Following the sale of Big Apple Circus after its bankruptcy, it hired Lubin to headline its 40th anniversary show beginning in Fall 2017. The news prompted a former aerialist to contact the new management on January 19, 2018, about an incident involving Lubin in 2004 when she was 16 years old. Her previous attempt to alert the circus in 2012 had no results because Lubin was not with the circus at that time. She said that Lubin had offered her a role with the circus if she modeled for his personal photography business. She went to Lubin's trailer for two photo sessions during which he successfully pressured her into allowing him to take photos of her genitals. Afterwards, Lubin paid her $200 and secured her some freelance work with the circus. Following the accusations, Lubin was immediately placed on leave by the circus and he chose to resign the same day. On January 23, 2018, Lubin released a statement that said the allegations were true, acknowledged that his actions were wrong, and apologized for them.

== Recognition ==
In 2002, Lubin was inducted into the International Clown Hall of Fame and the Sarasota Ring of Fame in 2012, the highest honor in American Circus. In 1999, he was the fifth person to receive the Legend of the Parade Award of Macy's Thanksgiving Day Parade, where he appeared over 15 times. In 2007, he received the Lou Jacobs Lifetime Achievement Award from ClownAlley.

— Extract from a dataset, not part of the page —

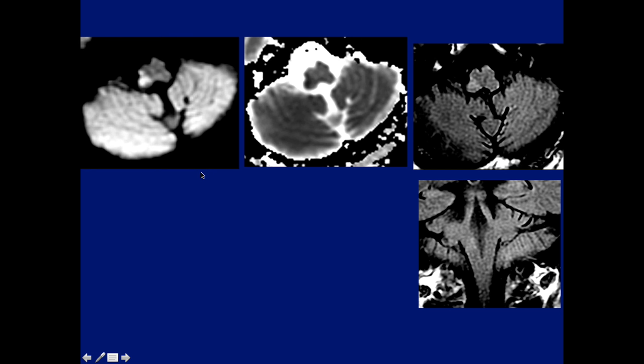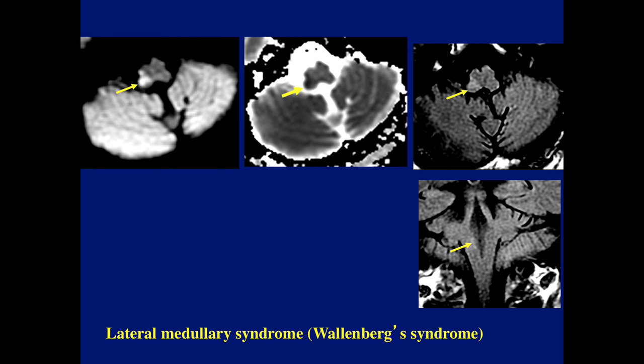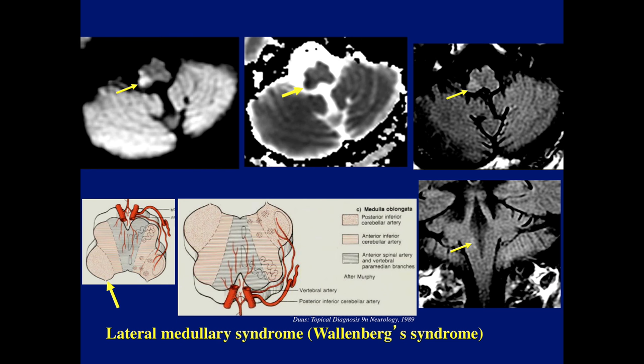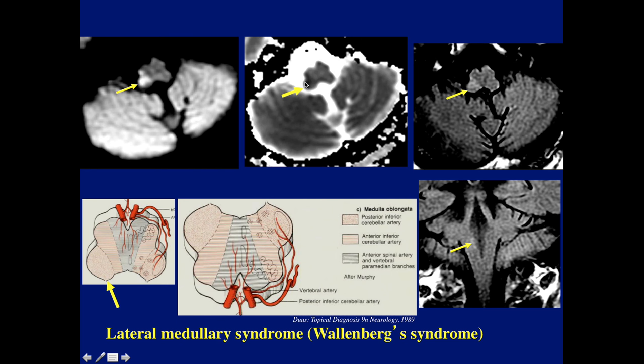Here's a patient showing a stroke in the lateral aspect of the medulla, a little bit posterior as seen on FLAIR. This is the lateral medullary syndrome, or Wallenberg syndrome. At the level of the medulla, this is the territory supplied by the posterior inferior cerebellar artery — the PICA. Classically, when you have a PICA occlusion, you end up with the lateral medullary syndrome.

He has performed twice (1977 and 2008) at the International Circus Festival of Monte-Carlo, as well as at the International Circus Festivals in Budapest, in Izhevsk and Moscow, Russia. In addition, Lubin is one of only two American clowns to appear at the Wintercirckus of Circus Krone in Munich.

== Personal life ==
Lubin has two daughters, Danielle and Emily, with his first wife, Roberta, a former performer for Big Apple. In 2008, Lubin underwent chemotherapy for thyroid cancer. Upon his retirement from the Big Apple Circus in 2012, he moved to Stockholm, Sweden with his companion, Ann Hageus, a chiropractor he met in 1990 when she worked for the same circus.